(TASK DETAILS):
Give again, exactly as written, each line of the material below starting at the line that contains "US Plug IPL" and ending at the line that contains "Xịt mũi Nazal của Nhật Bản Chính Hãng". Both ends count, and no other line does.
#### PROVIDED DATA
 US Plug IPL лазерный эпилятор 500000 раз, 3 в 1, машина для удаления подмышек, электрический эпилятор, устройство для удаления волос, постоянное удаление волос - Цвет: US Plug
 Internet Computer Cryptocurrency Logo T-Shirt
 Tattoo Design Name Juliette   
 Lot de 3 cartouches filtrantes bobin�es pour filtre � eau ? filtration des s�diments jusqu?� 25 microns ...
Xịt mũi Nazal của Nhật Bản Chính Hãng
########
#### PROVIDED DATA
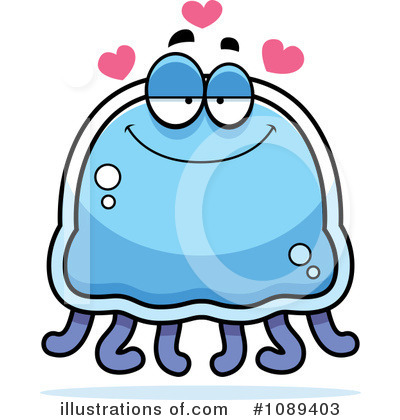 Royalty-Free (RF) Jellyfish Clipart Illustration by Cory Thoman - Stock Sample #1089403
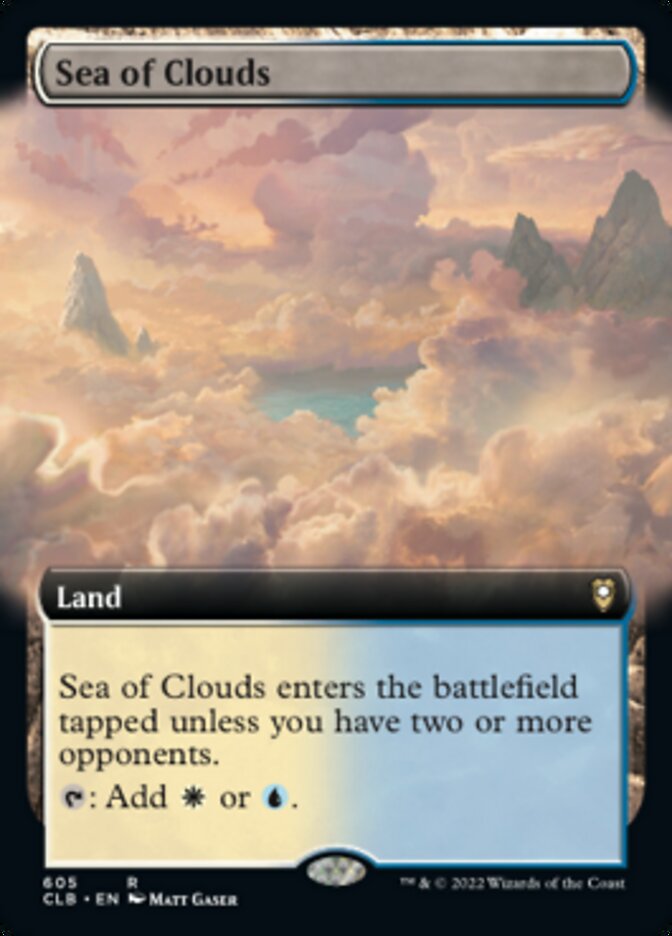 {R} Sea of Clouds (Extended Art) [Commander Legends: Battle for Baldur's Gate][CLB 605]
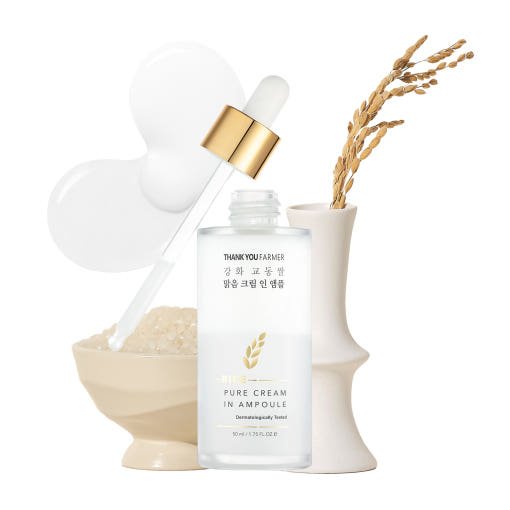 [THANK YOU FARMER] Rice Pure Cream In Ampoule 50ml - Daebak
########
(RESPONSE):
 US Plug IPL лазерный эпилятор 500000 раз, 3 в 1, машина для удаления подмышек, электрический эпилятор, устройство для удаления волос, постоянное удаление волос - Цвет: US Plug
 Internet Computer Cryptocurrency Logo T-Shirt
 Tattoo Design Name Juliette   
 Lot de 3 cartouches filtrantes bobin�es pour filtre � eau ? filtration des s�diments jusqu?� 25 microns ...
Xịt mũi Nazal của Nhật Bản Chính Hãng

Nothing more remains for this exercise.